# DATASET CONTENT:
[Start of Attachment]

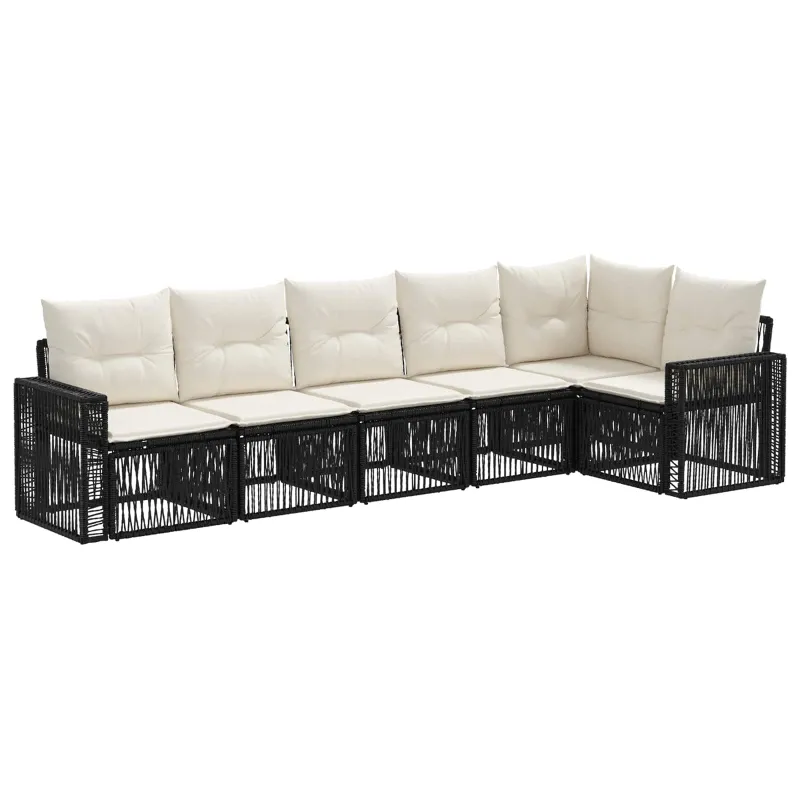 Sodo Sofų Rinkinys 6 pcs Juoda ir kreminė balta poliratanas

[End of Attachment]
[Start of Attachment]

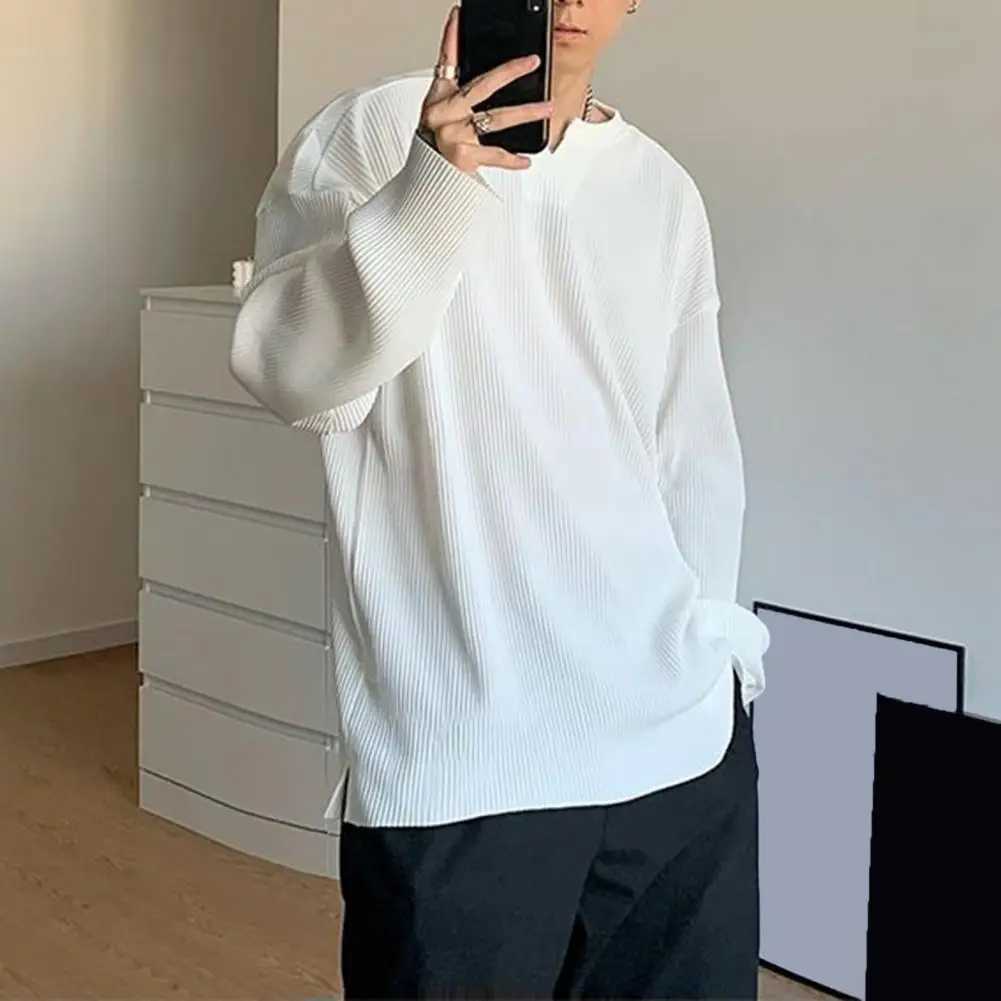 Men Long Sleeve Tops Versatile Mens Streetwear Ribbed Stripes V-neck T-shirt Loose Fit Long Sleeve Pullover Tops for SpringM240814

[End of Attachment]
[Start of Attachment]

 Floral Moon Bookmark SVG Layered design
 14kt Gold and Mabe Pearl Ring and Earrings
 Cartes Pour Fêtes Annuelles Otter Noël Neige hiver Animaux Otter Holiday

[End of Attachment]

# WORK INSTRUCTION:
Give back exactly the lines above, from the line containing "14kt Gold and Mabe Pearl Ring and Earrings" through the line containing "Cartes Pour Fêtes", with both end lines and nothing more.

# RESPONSE AREA:
 14kt Gold and Mabe Pearl Ring and Earrings
 Cartes Pour Fêtes Annuelles Otter Noël Neige hiver Animaux Otter Holiday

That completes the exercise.